Cette décision pourrait surprendre à première vue car Albert Uderzo avait jusqu’à présent indiqué qu’il ne souhaitait pas qu’Astérix lui survécût. Mais elle est en réalité logique. Cela fait 32 ans que René Goscinny, son scénariste et co-créateur, est mort et que le dessinateur a pris la décision de continuer tout seul. Artistiquement, beaucoup pensent que les personnages du petit village “qui résiste encore et toujours à l’envahisseur” ne s’en sont pas remis mais le fait est là : les nouveaux albums ne se sont jamais aussi bien vendu et Astérix est devenu un héros de cinéma à succès et même la mascotte d’un parc d’attractions. De fait, le petit Gaulois est déjà un résilient (pour utiliser un terme à la mode), il n’y a pas de raison qu’il ne continue pas longtemps, s’il est bien géré. Ce qui est le cas.

 

Il y a quelques mois, Anne Goscinny s’était exprimée à ce sujet sur Bodoï.
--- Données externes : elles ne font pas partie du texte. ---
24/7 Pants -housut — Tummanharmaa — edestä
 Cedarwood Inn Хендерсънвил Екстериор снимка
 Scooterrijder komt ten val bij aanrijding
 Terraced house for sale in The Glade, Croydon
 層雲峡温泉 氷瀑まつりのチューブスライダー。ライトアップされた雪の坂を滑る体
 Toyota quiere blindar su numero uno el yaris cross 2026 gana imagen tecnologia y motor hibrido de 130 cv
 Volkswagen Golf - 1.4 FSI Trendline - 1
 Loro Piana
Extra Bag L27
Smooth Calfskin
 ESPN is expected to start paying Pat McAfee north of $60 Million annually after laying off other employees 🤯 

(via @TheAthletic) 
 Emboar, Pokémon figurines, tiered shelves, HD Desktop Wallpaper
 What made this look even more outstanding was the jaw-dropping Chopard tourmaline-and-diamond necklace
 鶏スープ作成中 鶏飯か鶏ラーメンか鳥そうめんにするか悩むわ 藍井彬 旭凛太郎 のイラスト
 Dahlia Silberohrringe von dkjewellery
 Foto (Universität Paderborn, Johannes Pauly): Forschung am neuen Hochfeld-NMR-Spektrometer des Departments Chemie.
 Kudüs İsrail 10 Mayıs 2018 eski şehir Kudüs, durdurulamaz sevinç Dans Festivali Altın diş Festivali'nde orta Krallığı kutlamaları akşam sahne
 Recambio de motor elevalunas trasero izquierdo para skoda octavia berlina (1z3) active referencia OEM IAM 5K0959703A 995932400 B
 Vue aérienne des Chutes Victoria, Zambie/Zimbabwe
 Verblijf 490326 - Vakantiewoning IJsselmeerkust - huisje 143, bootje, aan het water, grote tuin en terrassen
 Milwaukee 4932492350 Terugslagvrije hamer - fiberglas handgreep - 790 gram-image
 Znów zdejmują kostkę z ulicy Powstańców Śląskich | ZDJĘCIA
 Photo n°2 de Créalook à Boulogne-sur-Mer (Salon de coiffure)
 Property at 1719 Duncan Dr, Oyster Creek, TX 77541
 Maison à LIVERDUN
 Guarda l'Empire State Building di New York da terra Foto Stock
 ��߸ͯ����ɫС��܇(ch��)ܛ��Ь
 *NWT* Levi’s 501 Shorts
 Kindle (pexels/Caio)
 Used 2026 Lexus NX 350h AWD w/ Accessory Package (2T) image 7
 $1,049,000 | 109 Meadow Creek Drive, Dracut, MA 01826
Elle distingue le cas d’une oeuvre à créateur unique dont la volonté doit à tout prix être respectée (on pense bien évidemment à Hergé, ainsi que j’en ai parlé dans ma dernière newsletter) et  celui où il y a co-création et où il est légitime que toutes les parties s’expriment. En romancière qu’elle est, elle place parfaitement le débat “Qui restera le plus longtemps dans nos mémoires de Flaubert ou de Madame Bovary ? Ils sont égaux, mais il est impossible de les mettre sur le même plan. L’un a créé l’autre. L’autre a rendu l’un immortel”.

 

D’évidence, ses paroles ont porté puisqu’Uderzo a changé d’avis. Bien sûr, le petit monde de la BD est agité de rumeurs peu amènes et certains voient dans sa décision un motif vénal. Sans nier le rôle qu’a éventuellement pu jouer le montant du chèque d’Hachette, je pense que la réalité est ailleurs. A son âge et à son niveau de réussite, il est au delà de ce genre de considérations. Comme le disait Anne Gosciny, “la décision de créer des suites (…) correspond d’abord à un besoin. L’univers offert du vivant de l’auteur est-il clos ou peut-on lui donner encore une animation ? Le public attend-il encore du plaisir, de la découverte, de l’émerveillement ?”. Il suffit de voir comme le personnage de Tintin s’est sclérosé avec le temps pour penser qu’Uderzo s’assure sans doute sa part d’immortalité en permettant aux futures générations de continuer à voir Astérix et Obélix (et Idéfix) dans de nouvelles aventures. 

 

Les ayants-droits devraient ainsi s’assurer quelques décennies de sesterces faciles… à condition de ne pas tuer la poule aux oeufs d’or. Car, contrairement à Obélix, personne n’est assuré de conserver toujours une force herculéenne juste “parce qu’il est tombé dedans quand il était petit”…

 

> Je me suis récemment intéressé au phénomène de la continuation de la story de l’entreprise (ou de la marque, ou du personnage) après le départ (ou la disparition) du fondateur dans une série de posts. Rares sont ceux qui, comme Albert Uderzo ou comme Bill Gates, préparent la séparation des deux histoires de leur vivant. Dans le domaine de la BD, c’est le cas par exemple de Jacques Martin qui fait déjà dessiner les aventures d’Alix et Enak par d’autres dessinateurs depuis plusieurs années et a déjà indiqué qu’il a écrit plusieurs scénarios prêts à être dessinés… après sa mort pour continuer comme si de rien n’était. Un exemple extrême.